» **Exercise details**: Set down the final stretch of the data, from the line that holds "Mable countertop with" through the last line, both included, with pictures left out.

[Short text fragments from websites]
[Start of section]
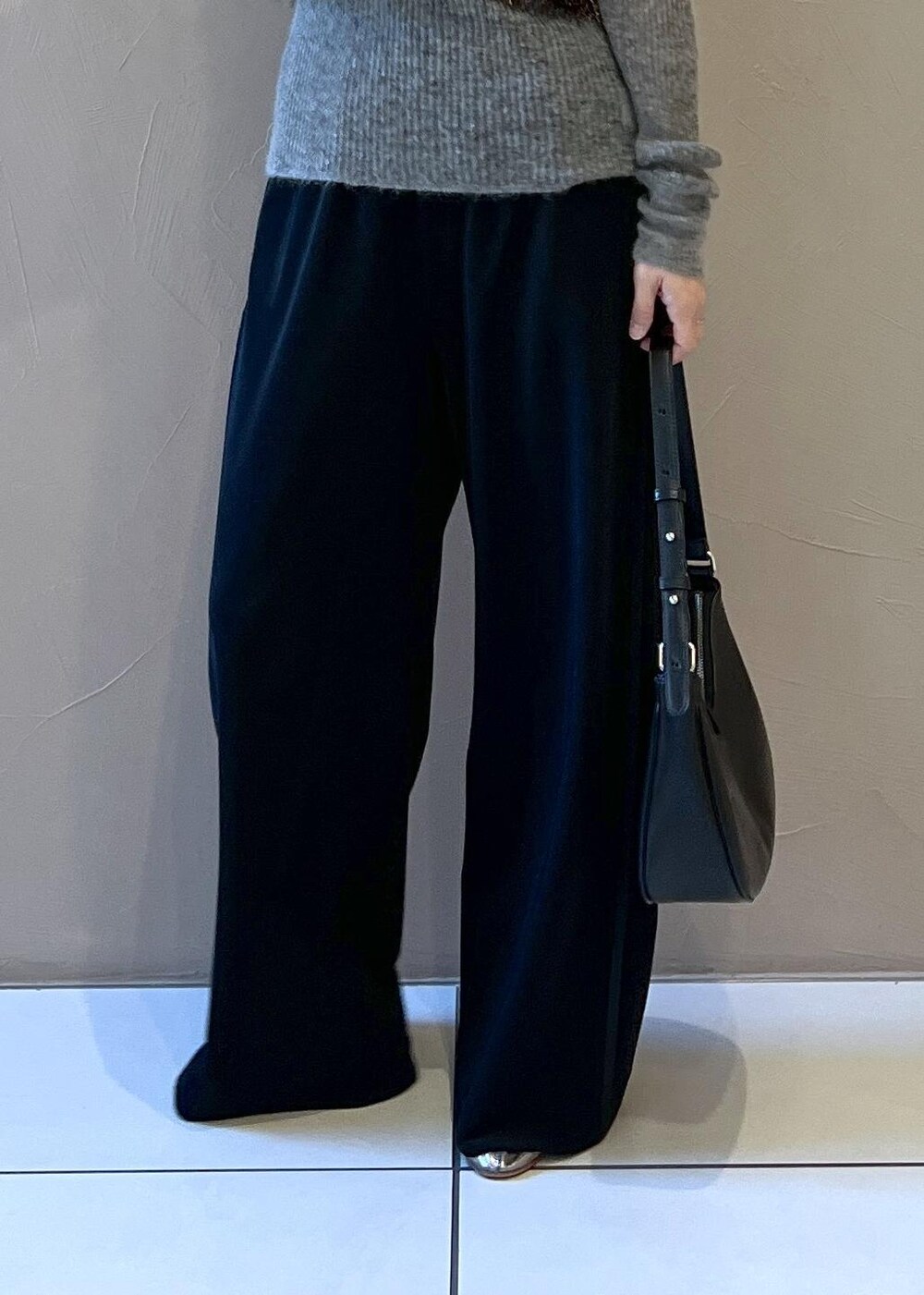 ブラック系のベスト、グレー系のニット/セーター、ブラック系のステンカラーコートを着用したレディースの冬コーディネートの10枚目の写真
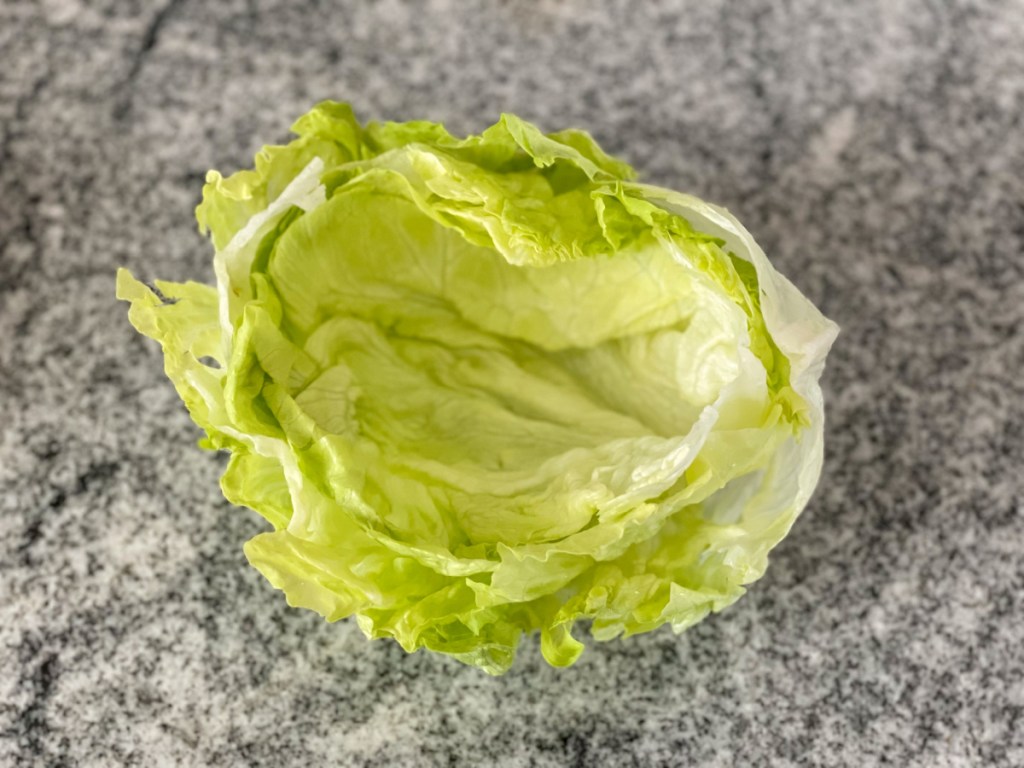 three leaves of iceberg lettuce stacked together to form a bowl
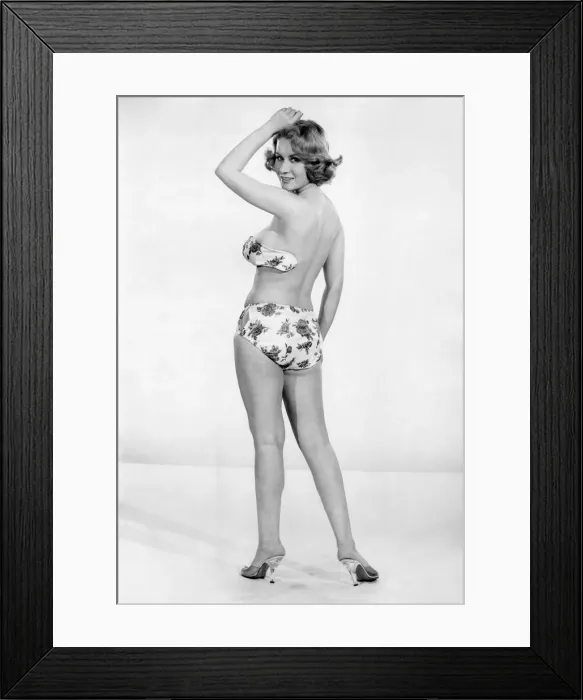 Framed Print : Clothing Beach. Backless floral bikini. July 1960 P018088 Framed Print : Clothing Beach. Backless floral bikini. July 1960 P018088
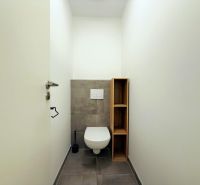 Toaleta s šedou dlažbou a dřevěnou policí ve 2-pokojovém bytě.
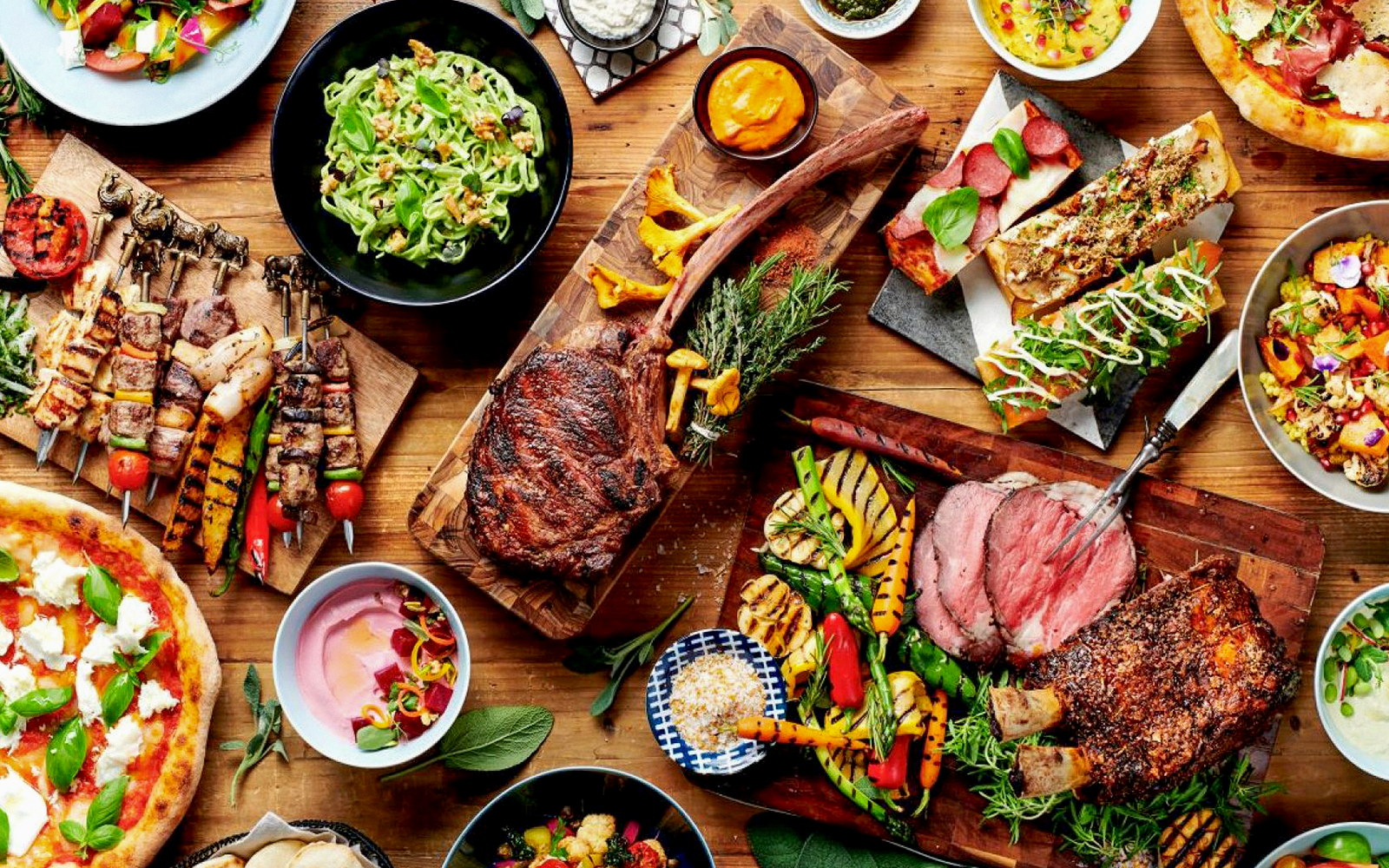 Buffet spread with grilled meats, salads, and bread.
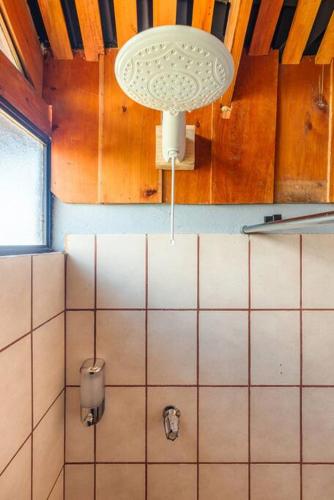 a bathroom with a light hanging from the ceiling at The Red Door Mountain Cabin in Guadalupe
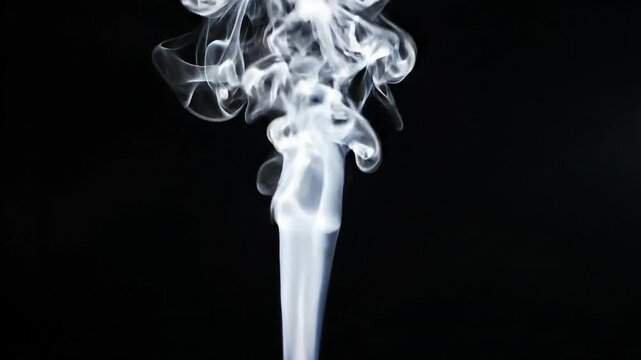 Closeup of swirling white smoke rising against a black background with abstract patterns
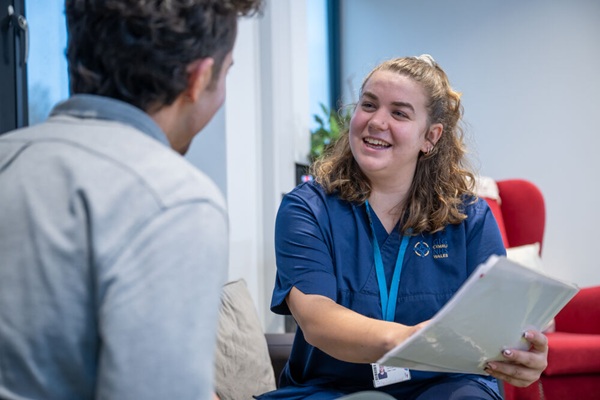 A smiling nurse holding a folder and speaking to a patient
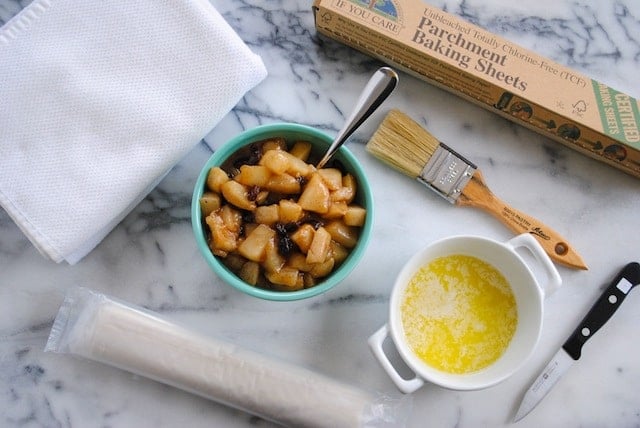 Mable countertop with white towel, bowl of cooked pears, bowl of melted butter, pastry brush, pairing knife, box of parchment baking sheets, and plastic-wrapped roll of phyllo dough.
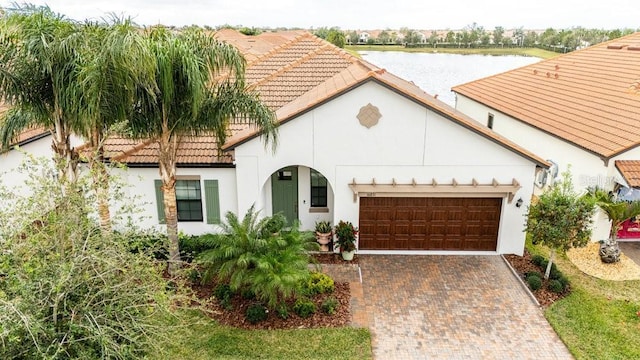 mediterranean / spanish home with a garage and a water view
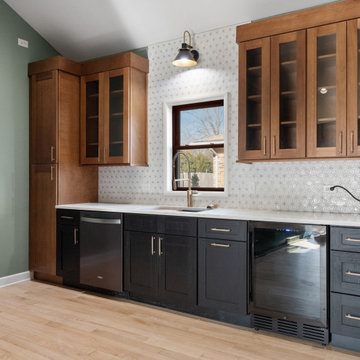 Two-Tone Kitchen Remodel in Libertyville Featuring Glass Upper Cabinets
[End of section]
» **Exercise response**:
 Mable countertop with white towel, bowl of cooked pears, bowl of melted butter, pastry brush, pairing knife, box of parchment baking sheets, and plastic-wrapped roll of phyllo dough.
 mediterranean / spanish home with a garage and a water view
 Two-Tone Kitchen Remodel in Libertyville Featuring Glass Upper Cabinets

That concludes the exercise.